Miami Herald | EDITORIAL

About-face on Miami Beach

 

OUR OPINION: Scrapping development plan clouds future of convention and tourism industry

HeraldEd@MiamiHerald.com

Miami Beach’s on-again, off-again effort to build a new convention center and hotel complex is suddenly off again, this time apparently for good.

Commissioners unanimously nixed the proposed $1-billion redevelopment plan last week and opted instead to renovate the existing center while scouting possible locations elsewhere on the Beach for a new hotel.

In terms of scale and ambition, as well as cost, what Mayor Philip Levine and the commission have in mind represents a significantly different approach compared to what the Miami Beach Commission envisioned when members voted 6-1 in December 2012 to overhaul and expand the dowdy convention center and surrounding city-owned land.

As a result of Wednesday’s vote, the earlier convention/hotel/retail footprint on 52 acres would be scrapped in favor of a smaller venue with a spruced-up, stand-alone convention center.

This is a decided setback for all those in the public and private sector who had hoped, after years of effort, that the Beach was on the way to building the kind of facility that can compete with other cities for major conventions, most of which include a large hotel to accommodate visitors who want the convenience of being on site.

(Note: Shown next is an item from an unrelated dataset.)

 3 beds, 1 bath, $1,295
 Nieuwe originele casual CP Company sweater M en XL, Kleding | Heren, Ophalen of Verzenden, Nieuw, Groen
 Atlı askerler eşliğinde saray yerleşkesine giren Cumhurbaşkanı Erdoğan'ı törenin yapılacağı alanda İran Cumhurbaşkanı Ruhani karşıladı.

Mayor Levine told the Editorial Board he is confident that with nearly $500 million available to Miami Beach from various sources, the city can build a state-of-the-art facility that will attract top-drawer conventions, regardless of size.

Clearly, the new plan reflects public sentiment by Beach voters. Mr. Levine and other newcomers on the commission made it clear when they ran for office last year that they opposed the existing convention plan and apparently convinced voters that they had a better idea. They followed through on their commitment, and the new plan eliminates the need for a public referendum, which cast a cloud over the future of the earlier plan.

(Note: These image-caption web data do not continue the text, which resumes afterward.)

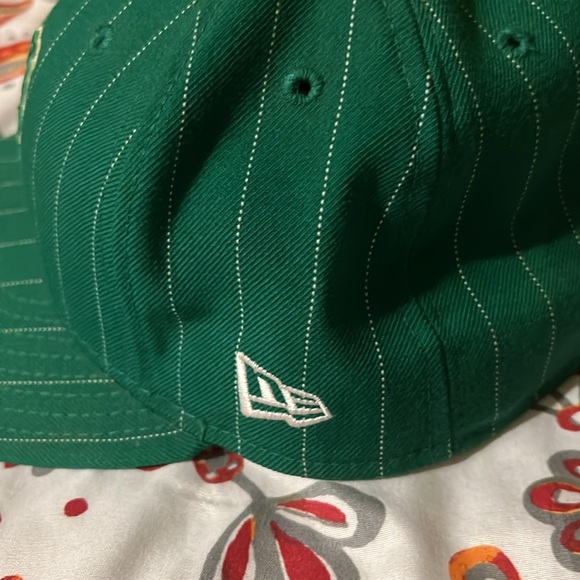 New Era green and white pinstripe Notre Dame fighting Irish Fitted size 7 1/2 - Picture 3 of 7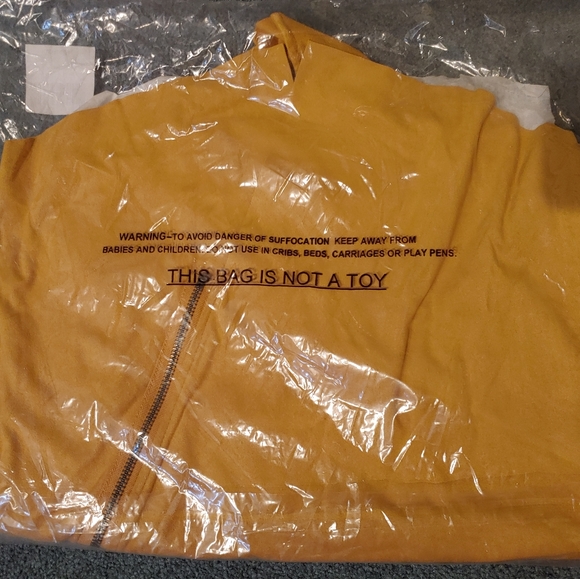 NWT Vigoss Mustard Faux Suede wrap Jacket size Small - Picture 5 of 5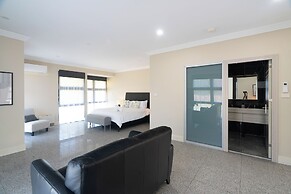 Lake Macquarie Manor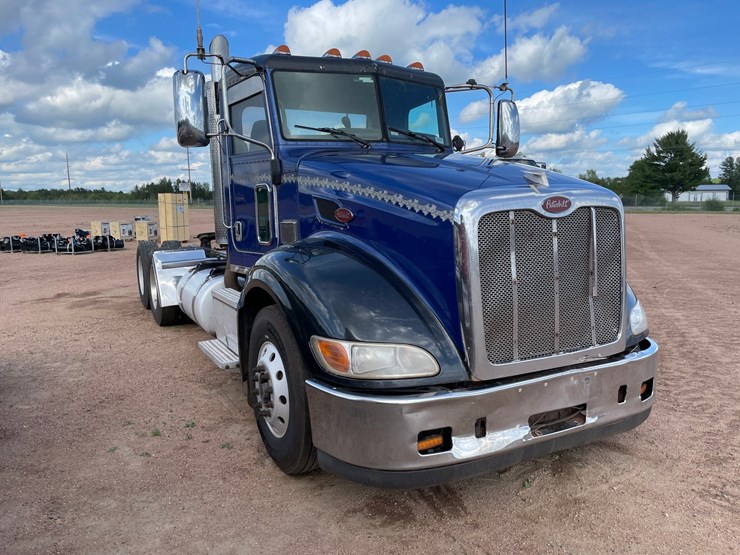2010-peterbilt-386-image-3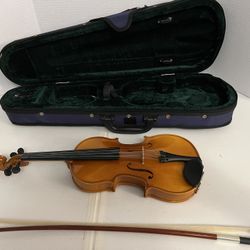Vintage Skylark Violin 1/8 Size With Bow and Case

All of this, Mr. Levine said, will ensure that the project moves ahead on a faster schedule. He said he would like to see “a finished product” in three years or less.

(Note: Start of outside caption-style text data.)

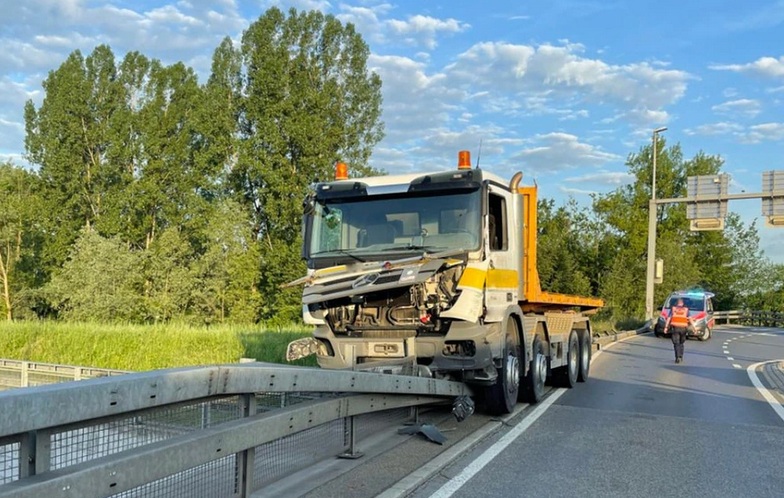 Region Buchrain (Kanton
                    Luzern, CH) 20.5.2022: Hier hat ein
                    CH-Lastwagenfahrer (57) eine Notbremsung an der
                    Leitplanke bekommen - Gl�ggli khaa!
                    Lastwagenchauffeur f�hrt wegen medizinischem Problem
                    auf Leitplanke
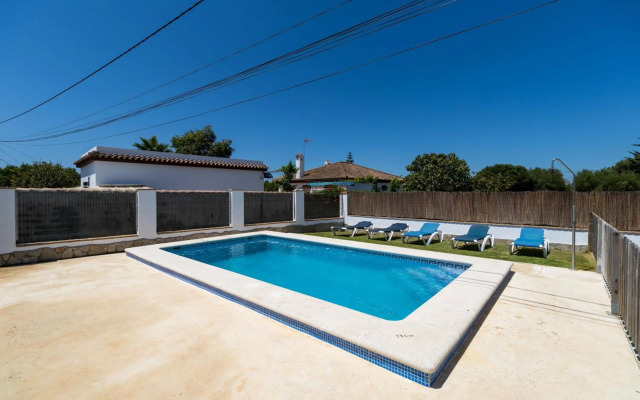 Casa Carlos con Piscina Privada en Conil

But the scaled-down version raises a number of questions. The hotel that some see as an indispensable part of complex — Mr. Levine does not — would follow on a different site. If an appropriate one can be found, that is. And if willing private-sector partners can be found.

And the sudden shift has raised dark rumblings from the development team known as SBACE, which believes the city is “contractually obligated to proceed” with the earlier plan it was tasked to build. A legal dispute, if that’s in the cards, might discourage other developers from getting involved with any new project.

The larger issue is what Miami Beach residents and its commission really want. After the vote, Mr. Levine told NBC6 News: “Miami Beach is about Art Basel, Miami Beach is about culture, Miami Beach is not about attracting massive conventions that don’t necessarily fit with who we are.”

If that means that Miami Beach is not interested in attracting the biggest conventions, which can lure thousands of visitors, others should leap into the breach.

County Mayor Carlos Gimenez has said repeatedly the project is one of his top priorities. If he believes the Beach’s new plan fills the bill, he should say so. If not, it’s time for him and others to come up with a new plan and get behind it. The potential economic windfall for this community should not go untapped.